▶ **Requirement**: Lines from the entries below that hold "Slip" form the answer; copy all of them.

Records excerpted from a collection:
□ □ □
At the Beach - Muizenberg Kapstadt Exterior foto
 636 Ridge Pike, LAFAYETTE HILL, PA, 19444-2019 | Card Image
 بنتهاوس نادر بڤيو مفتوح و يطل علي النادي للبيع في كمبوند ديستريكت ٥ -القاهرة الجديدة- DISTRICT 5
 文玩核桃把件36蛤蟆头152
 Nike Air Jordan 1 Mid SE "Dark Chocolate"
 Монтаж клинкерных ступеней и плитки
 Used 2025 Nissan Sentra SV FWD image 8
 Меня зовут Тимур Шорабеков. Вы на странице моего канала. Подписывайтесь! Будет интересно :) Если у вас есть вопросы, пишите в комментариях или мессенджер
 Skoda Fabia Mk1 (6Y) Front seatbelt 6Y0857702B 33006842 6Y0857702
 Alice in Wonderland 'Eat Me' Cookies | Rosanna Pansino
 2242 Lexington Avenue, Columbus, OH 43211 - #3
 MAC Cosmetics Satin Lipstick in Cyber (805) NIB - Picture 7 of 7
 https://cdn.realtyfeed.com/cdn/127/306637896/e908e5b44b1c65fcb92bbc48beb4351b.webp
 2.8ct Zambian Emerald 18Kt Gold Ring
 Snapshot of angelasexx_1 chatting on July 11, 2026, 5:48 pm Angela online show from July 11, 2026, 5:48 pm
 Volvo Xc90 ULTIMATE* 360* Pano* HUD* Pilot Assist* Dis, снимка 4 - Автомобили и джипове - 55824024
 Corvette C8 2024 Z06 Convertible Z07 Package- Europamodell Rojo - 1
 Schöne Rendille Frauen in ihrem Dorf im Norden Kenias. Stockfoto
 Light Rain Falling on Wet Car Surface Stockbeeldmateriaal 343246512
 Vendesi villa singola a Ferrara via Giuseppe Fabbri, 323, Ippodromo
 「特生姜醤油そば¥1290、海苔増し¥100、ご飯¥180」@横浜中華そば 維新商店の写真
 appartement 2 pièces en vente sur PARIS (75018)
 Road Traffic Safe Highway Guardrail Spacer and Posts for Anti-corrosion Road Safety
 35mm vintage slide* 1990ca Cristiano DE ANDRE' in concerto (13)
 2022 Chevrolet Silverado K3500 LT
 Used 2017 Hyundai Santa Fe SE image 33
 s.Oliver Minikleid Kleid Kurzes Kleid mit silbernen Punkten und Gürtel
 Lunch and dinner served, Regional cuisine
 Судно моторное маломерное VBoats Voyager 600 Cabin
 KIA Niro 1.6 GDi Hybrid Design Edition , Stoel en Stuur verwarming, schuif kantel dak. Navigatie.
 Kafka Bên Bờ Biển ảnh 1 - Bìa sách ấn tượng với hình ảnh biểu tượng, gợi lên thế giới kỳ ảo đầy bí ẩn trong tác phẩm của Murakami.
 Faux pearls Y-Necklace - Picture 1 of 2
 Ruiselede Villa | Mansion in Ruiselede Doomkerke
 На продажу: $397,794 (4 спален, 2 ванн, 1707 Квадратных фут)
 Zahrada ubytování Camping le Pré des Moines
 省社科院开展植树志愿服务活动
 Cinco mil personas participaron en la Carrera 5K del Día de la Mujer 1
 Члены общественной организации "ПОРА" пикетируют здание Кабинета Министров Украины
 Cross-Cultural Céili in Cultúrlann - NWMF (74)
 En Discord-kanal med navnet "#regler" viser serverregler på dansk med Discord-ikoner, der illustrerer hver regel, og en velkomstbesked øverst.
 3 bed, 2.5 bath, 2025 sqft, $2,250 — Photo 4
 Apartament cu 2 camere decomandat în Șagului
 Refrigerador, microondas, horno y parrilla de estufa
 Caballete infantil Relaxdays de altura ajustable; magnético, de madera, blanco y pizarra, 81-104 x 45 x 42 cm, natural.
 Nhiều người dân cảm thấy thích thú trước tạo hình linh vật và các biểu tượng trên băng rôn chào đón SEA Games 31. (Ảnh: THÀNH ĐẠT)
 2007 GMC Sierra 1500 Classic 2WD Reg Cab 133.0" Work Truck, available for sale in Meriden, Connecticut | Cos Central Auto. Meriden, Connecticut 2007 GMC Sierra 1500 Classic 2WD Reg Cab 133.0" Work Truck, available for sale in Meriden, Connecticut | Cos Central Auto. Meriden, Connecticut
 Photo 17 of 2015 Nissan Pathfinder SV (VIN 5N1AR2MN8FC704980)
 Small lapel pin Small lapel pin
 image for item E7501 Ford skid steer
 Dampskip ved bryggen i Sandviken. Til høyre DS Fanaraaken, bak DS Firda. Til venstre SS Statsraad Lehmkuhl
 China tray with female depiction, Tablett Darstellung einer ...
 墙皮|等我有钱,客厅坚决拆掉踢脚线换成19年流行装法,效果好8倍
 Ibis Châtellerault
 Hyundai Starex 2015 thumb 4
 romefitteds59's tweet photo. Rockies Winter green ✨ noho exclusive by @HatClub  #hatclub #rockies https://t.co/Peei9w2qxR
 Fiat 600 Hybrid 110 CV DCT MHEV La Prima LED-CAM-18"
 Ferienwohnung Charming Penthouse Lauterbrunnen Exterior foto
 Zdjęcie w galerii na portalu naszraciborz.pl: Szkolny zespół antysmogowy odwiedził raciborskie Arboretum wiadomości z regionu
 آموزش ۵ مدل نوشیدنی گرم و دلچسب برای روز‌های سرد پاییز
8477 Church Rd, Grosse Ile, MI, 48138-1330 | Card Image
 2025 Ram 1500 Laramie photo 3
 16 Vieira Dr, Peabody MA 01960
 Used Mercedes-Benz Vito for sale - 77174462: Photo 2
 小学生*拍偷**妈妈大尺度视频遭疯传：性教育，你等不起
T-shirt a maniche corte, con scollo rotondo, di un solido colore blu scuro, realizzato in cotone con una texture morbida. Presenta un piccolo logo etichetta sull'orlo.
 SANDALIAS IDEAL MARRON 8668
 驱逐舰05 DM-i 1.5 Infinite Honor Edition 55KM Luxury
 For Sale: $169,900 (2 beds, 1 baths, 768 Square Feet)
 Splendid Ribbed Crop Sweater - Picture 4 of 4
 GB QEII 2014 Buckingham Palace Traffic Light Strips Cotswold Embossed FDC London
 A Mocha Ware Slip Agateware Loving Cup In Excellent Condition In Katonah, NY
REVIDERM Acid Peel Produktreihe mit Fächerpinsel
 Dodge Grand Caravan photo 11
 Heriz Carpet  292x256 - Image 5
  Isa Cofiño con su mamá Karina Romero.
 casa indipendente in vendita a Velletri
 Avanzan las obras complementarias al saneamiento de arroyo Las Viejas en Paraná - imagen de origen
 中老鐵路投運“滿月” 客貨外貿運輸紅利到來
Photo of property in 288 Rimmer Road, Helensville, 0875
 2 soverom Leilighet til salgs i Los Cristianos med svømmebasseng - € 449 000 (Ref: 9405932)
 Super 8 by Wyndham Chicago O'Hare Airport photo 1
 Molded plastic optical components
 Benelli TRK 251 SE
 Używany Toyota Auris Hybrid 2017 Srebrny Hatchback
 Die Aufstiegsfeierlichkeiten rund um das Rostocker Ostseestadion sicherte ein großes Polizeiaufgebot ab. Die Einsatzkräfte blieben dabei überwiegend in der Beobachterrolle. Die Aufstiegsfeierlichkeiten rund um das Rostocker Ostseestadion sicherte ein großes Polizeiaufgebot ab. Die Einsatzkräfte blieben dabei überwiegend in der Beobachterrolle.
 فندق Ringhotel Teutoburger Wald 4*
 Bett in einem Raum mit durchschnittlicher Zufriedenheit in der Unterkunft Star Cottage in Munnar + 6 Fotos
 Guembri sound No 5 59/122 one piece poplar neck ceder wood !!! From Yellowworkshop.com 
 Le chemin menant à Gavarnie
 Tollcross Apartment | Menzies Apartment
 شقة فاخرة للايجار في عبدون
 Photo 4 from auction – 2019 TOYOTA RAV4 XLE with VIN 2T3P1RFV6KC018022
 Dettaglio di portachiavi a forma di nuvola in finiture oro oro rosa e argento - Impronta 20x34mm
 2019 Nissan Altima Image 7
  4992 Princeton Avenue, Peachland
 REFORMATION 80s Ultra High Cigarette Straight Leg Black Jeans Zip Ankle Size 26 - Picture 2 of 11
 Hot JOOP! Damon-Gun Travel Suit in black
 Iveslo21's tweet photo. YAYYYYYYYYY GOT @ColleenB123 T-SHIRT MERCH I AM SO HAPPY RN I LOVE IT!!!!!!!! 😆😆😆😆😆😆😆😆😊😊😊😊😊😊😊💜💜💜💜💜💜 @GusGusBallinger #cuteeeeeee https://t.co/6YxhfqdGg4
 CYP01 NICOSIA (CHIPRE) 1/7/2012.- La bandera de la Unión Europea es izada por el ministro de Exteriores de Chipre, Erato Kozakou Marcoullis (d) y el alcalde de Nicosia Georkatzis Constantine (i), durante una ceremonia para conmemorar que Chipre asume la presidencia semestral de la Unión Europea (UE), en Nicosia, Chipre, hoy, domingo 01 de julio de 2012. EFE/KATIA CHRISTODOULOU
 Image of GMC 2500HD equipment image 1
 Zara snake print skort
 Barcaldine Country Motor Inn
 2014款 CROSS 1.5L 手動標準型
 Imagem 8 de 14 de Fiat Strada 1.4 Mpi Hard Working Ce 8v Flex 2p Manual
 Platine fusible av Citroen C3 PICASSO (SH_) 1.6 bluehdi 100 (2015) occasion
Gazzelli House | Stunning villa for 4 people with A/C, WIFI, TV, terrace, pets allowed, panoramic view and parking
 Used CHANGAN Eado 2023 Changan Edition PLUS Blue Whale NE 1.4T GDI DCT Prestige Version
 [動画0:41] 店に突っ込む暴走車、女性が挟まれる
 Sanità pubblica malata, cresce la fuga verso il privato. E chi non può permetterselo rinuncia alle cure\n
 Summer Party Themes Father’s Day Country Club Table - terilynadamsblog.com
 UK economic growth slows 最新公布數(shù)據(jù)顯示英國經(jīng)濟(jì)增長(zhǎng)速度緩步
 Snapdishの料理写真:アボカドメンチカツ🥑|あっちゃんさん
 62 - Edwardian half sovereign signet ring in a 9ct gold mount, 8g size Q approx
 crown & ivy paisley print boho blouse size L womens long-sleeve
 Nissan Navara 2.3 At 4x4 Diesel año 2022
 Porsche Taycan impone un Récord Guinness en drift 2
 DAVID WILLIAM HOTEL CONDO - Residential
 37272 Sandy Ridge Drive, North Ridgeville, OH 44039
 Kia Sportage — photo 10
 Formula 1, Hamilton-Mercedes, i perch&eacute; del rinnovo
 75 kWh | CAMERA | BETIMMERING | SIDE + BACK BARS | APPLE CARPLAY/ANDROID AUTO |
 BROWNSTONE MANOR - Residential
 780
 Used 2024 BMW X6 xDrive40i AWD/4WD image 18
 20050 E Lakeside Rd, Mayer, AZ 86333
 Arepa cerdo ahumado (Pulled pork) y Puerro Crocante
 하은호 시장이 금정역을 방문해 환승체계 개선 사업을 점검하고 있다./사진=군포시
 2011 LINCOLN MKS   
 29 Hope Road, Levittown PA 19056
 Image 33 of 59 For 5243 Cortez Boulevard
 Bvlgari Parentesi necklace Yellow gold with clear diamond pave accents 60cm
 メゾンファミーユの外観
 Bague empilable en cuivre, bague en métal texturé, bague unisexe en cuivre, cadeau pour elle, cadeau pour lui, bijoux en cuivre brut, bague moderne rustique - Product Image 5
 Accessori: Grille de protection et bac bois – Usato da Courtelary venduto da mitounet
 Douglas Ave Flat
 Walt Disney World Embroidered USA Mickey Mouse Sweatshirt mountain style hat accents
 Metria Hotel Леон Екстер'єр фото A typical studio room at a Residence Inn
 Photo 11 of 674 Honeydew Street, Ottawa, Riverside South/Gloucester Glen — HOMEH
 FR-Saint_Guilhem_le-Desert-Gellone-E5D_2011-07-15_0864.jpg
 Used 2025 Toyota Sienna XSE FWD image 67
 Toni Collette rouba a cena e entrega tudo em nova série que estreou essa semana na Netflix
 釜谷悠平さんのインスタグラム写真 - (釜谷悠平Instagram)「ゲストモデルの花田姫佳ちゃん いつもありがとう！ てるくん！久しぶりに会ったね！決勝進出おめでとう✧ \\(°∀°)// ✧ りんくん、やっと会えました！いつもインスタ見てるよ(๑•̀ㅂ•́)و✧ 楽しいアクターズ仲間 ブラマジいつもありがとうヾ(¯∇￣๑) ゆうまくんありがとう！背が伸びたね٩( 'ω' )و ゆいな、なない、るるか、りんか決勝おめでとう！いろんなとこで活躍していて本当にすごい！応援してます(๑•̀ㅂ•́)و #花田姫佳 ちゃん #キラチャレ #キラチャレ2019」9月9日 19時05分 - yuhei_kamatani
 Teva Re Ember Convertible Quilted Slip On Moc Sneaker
□ □ □
▶ **Response box**:
 A Mocha Ware Slip Agateware Loving Cup In Excellent Condition In Katonah, NY
 Teva Re Ember Convertible Quilted Slip On Moc Sneaker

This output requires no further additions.